“When I get offended is when somebody says ‘you can’t be from Wales – you’re not from Wales’.
“Just because you’re black and you live in Wales – it doesn’t make you any less Welsh.”
Sheldon Mills grew up in a working class family in Ely, Cardiff, and despite the doubts of a teacher is now an executive director of the Financial Conduct Authority.
He is one of one of a handful of people who have shared their experience of growing up black in Wales for documentary Black and Welsh.
Recalling an experience at school, he told the documentary: “I said [to my teacher]: ‘Sir, I’m going to be a lawyer and I’m going to go to King’s College London’.
“And he said: ‘You will never go to King’s College London, Sheldon.’

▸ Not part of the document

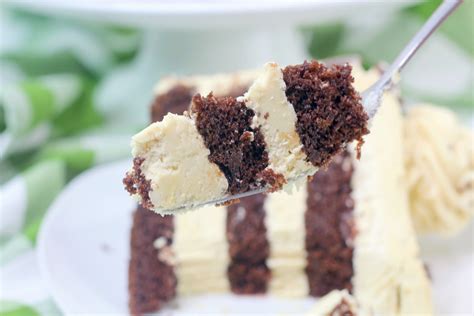 kahlua-chocolate-cake-with-kahlua-buttercream-frosting image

“And I said: ‘Yes I will’. And I did.”
He said this story serves as an example of how “people underestimate what a black boy, now man, can actually do”.
“And that’s why it saddens me, not just for me, for all black boys,” he said.

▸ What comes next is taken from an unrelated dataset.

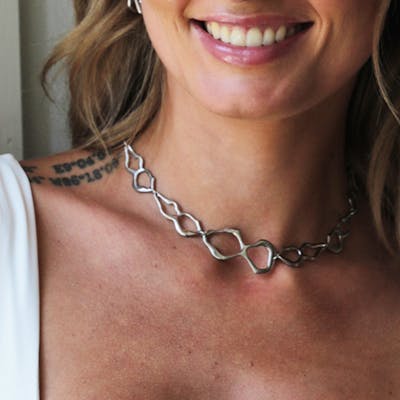 Sistie 2nd — Signe Kragh x Sistie 2nd Necklace Sistie 2nd Signe Kragh x Sistie 2nd Necklace — Náhrdelník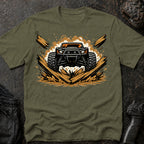 Heather Military Green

The documentary has been made by Liana Stewart, who describes herself as being from a “really diverse and super close family” in Butetown, Cardiff.
Her father is from Jamaica and her mother is mixed race – “Welsh, Chinese, Barbadian and English to be exact,” she said.
She said she grow up in the 1990s when there were very few black role models on television and she wanted to “create a space where we can be seen and heard”.
‘Where are you from?’
Sheldon is not the only person featured in the documentary who said his appearance caused people to question his Welshness.
“It always gets followed by ‘but where are you really from?'” said poet Ali Goolyad.
“Oh, do you mean where’s my black from?” retorted student Maya Oyibo-Goss.
Actor Alexandria Riley said: “For me, ‘where are you from?’ translates into ‘you’re not from here’.”